Legislative representation for an area is determined by population, and in 46 states, prisoners are counted as “residents” of the districts in which they are imprisoned, as opposed to using their home address. Furthermore, in 44 of those states, prisoners are not allowed to vote.

Prisons are often located in rural areas with low populations, while prisoners are disproportionately working class, poor, black, and Latino, often from urban areas. The result is that the prison system uses almost two million prisoners to transfer political power from poor communities to rural, typically more conservative districts, while simultaneously disenfranchising them.

In the context of the one-sided war being carried out by the policing apparatus against minorities and the poor, the effect of this is the systematic exclusion of the masses from politics.
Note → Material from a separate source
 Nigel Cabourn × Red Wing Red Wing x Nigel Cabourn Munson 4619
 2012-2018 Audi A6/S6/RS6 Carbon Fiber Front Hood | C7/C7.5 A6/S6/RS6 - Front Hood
By artificially redistributing the population to boost the influence and predominance of reactionary politicians, this effectively continues the Constitution’s original intent of reserving democratic rights for white, male property owners.
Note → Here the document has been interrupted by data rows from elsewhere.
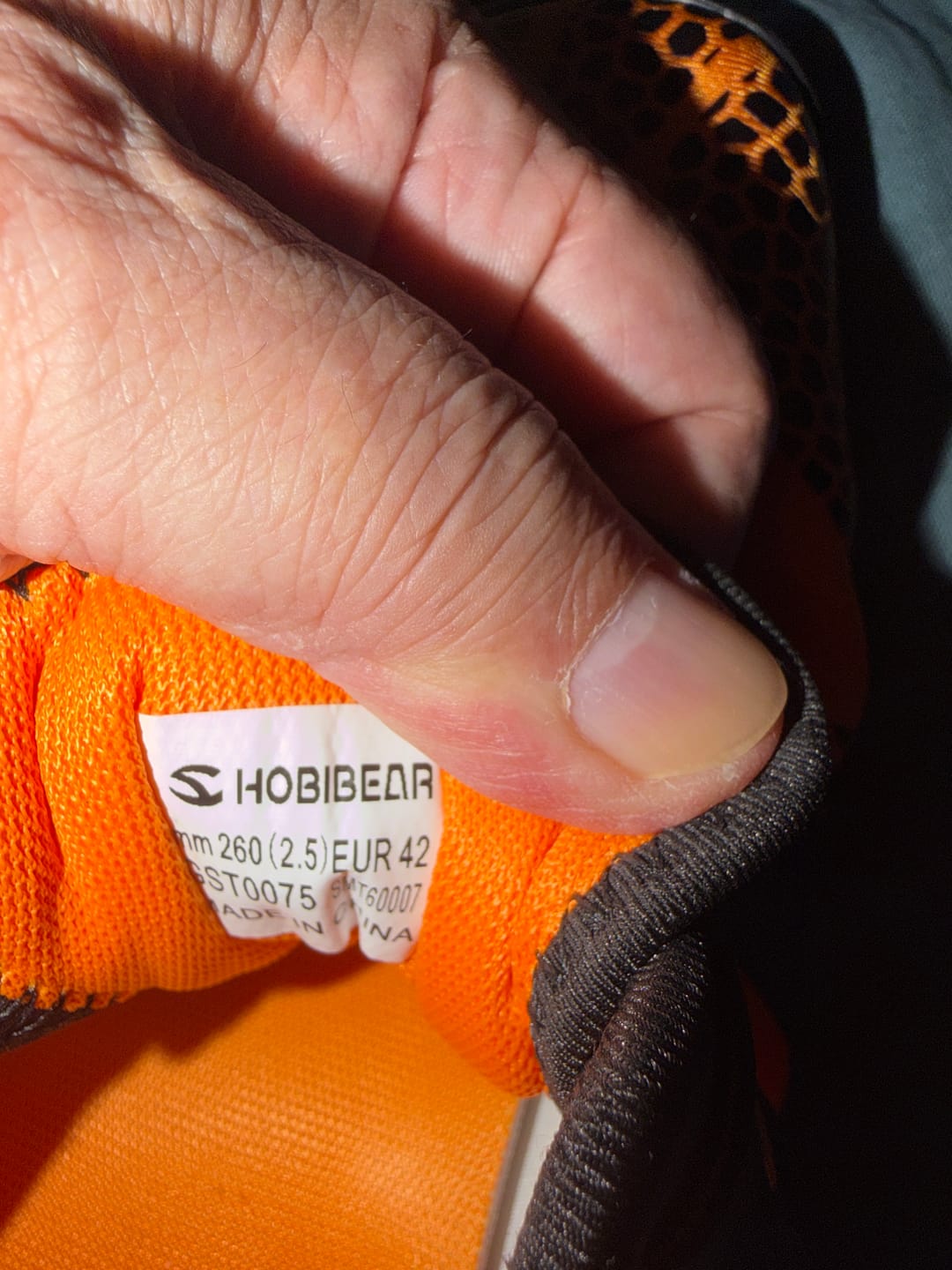 Customer photo review of HarePaw - Barefoot shoes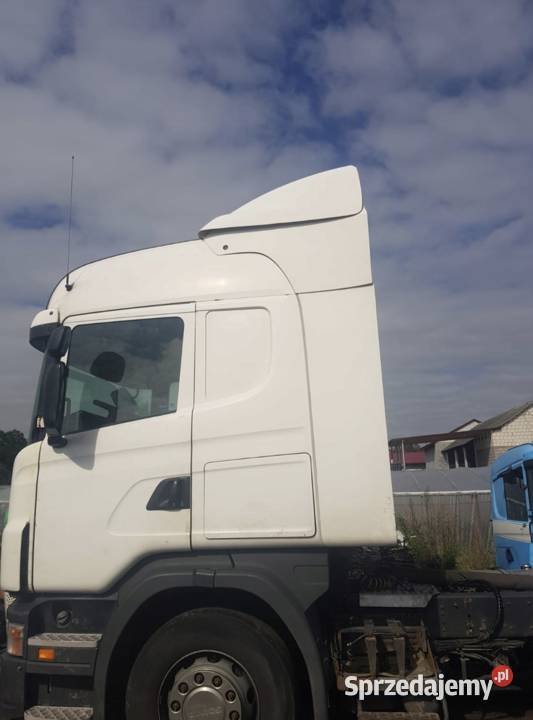 KABINA Scania R HIGHLINE duzy schowek blacha Pozostałe Zawichost sprzedam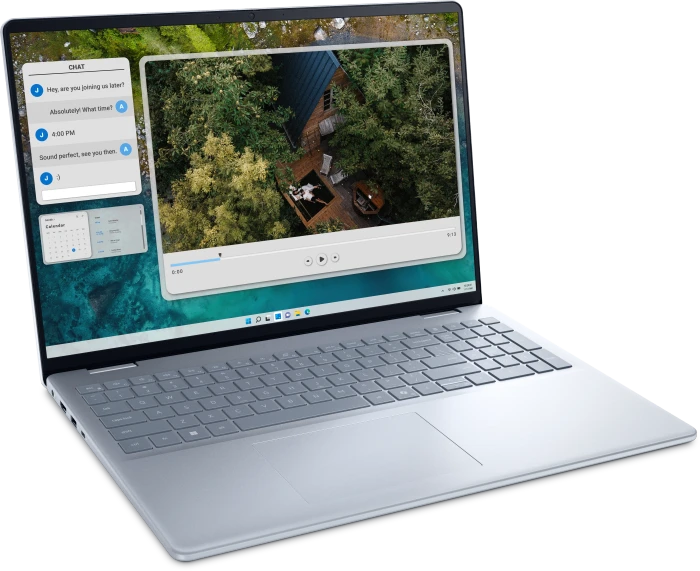 Dell Inspiron 16 5645, Ice Blue, Ryzen 7 8840U, 16GB RAM, 1TB SSD, DE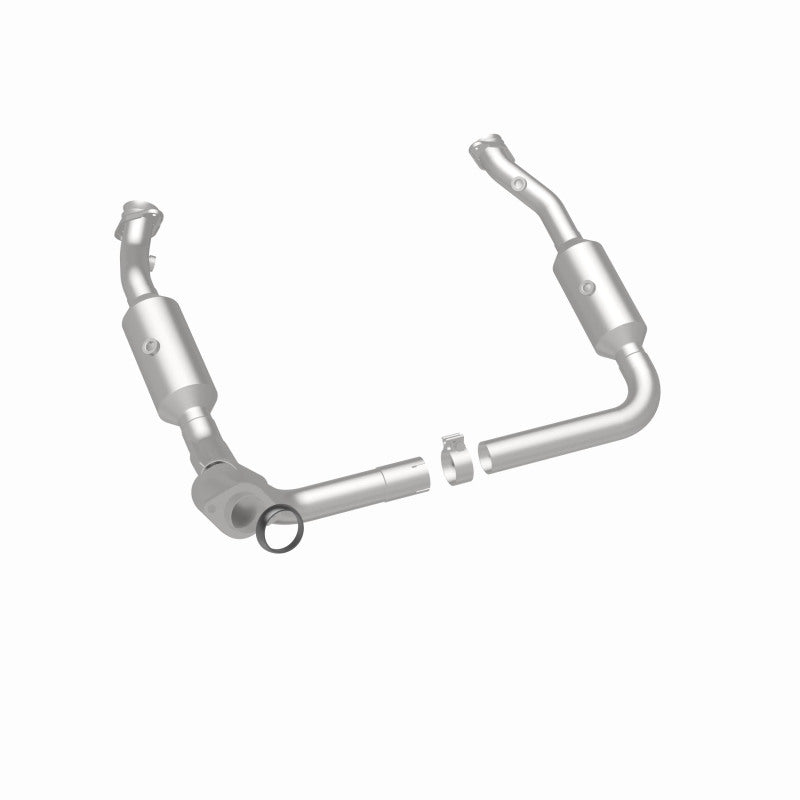 MagnaFlow DF Conv Ford/Mercury 06-10 Explorer/Mountaineer/ 07-10 Explorer SportTrac 4.0L Y-Pipe Assy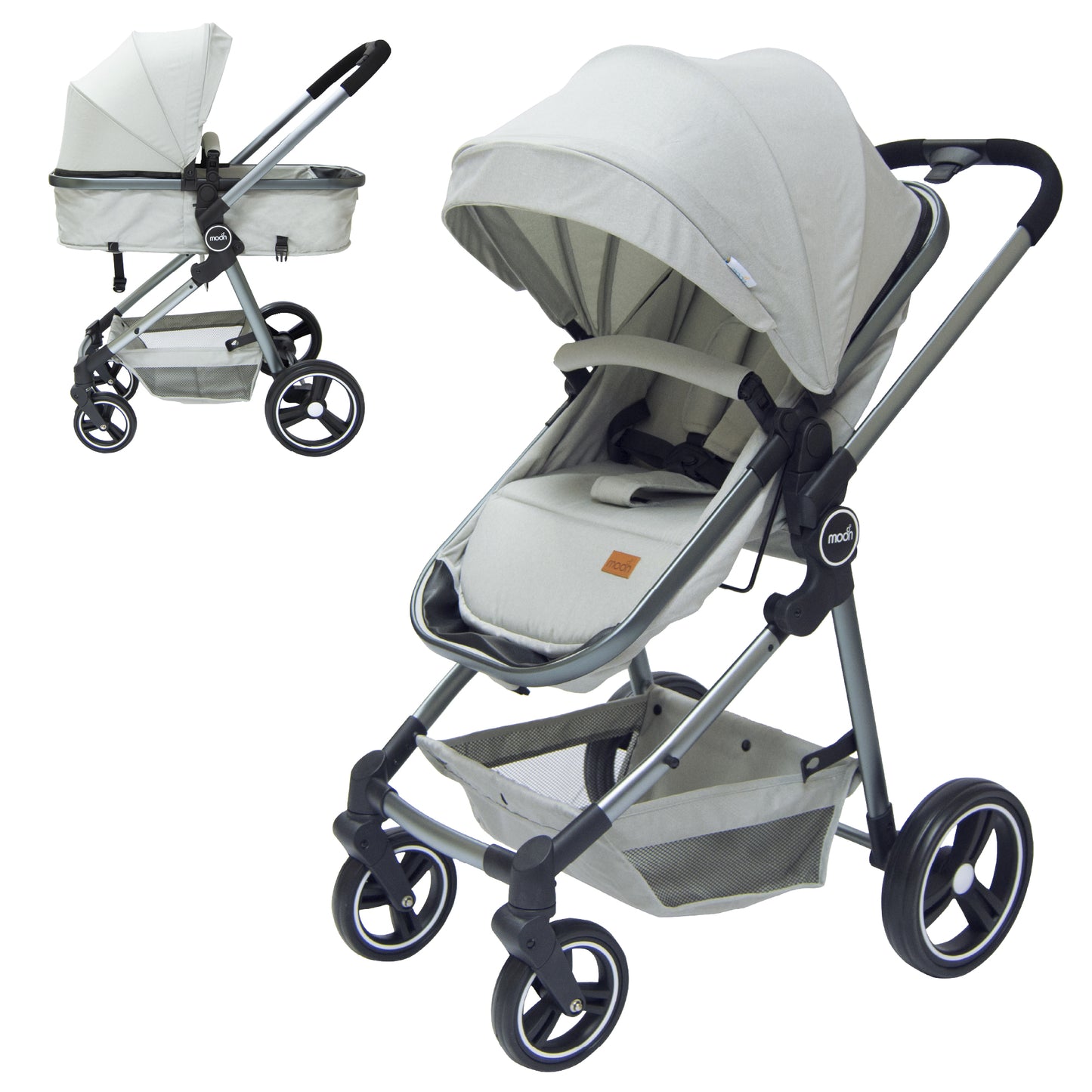 MOON Pro - 2 in 1 Stroller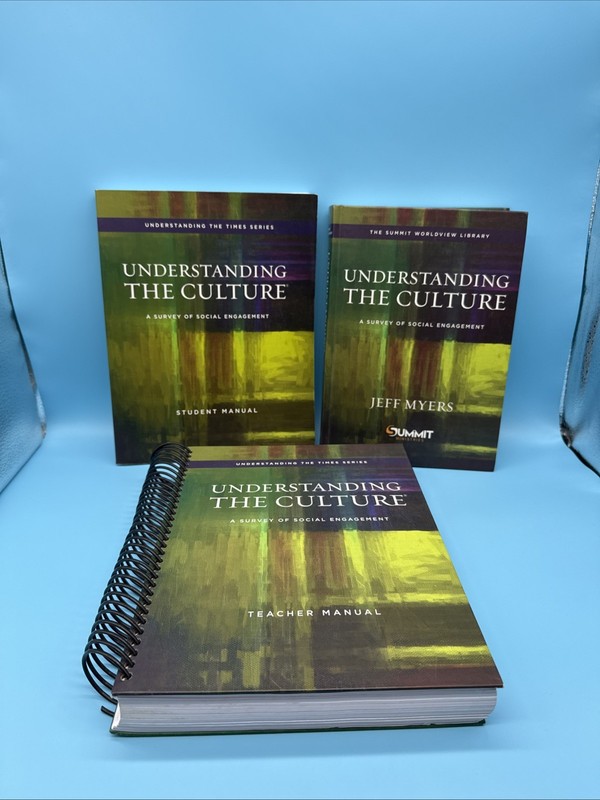 Summit Understanding The Culture. Textbook, Student Manual, & Teacher Manual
Cotton fields slaves in LouisianaThe exclusion of the prison population from politics continues the Constitution’s intent of reserving democratic rights for white, male property owners.

Before the American Civil War, a significant proportion of the population in Southern states were slaves, and in states including South Carolina and Mississippi, slaves formed an absolute majority, yet were disenfranchised. Given this balance of forces, the institution of slavery was embedded in the US Constitution in the so-called “three-fifths compromise.” This established that representatives would be apportioned according to population, “which shall be determined by adding to the whole Number of free Persons, including those bound to Service for a Term of Years, and excluding Indians not taxed, three-fifths of all other Persons.” This compromise increased the political power of a relatively small group of rich, white planters in the South, augmenting their electoral strength based on the population of slaves, who were not allowed to vote.

Leon Trotsky wrote that “The history of a revolution is for us first of all a history of the forcible entrance of the masses into the realm of rulership over their own destiny.” The American Civil War and the early stages of Reconstruction were revolutionary in the fullest sense of the word, as millions of former slaves entered the stage of history, actively withheld their labor and sabotaged the Confederacy, enlisted en masse in military action against the slave power, and participated massively in postwar electoral life.

In the aftermath of the Civil War, the Fourteenth Amendment of 1868 repealed the three-fifths compromise, and stated that “representatives shall be apportioned . . . counting the whole number of persons in each State, excluding Indians not taxed.”

While the exclusion and terrorization of indigenous peoples by the expanding American state continued and accelerated in this period, the main result of the policies of Radical Reconstruction in the South was the unprecedented entry of black people into political office. This also led to an increase in the electoral representation of the Southern states based on their now-larger counted populations.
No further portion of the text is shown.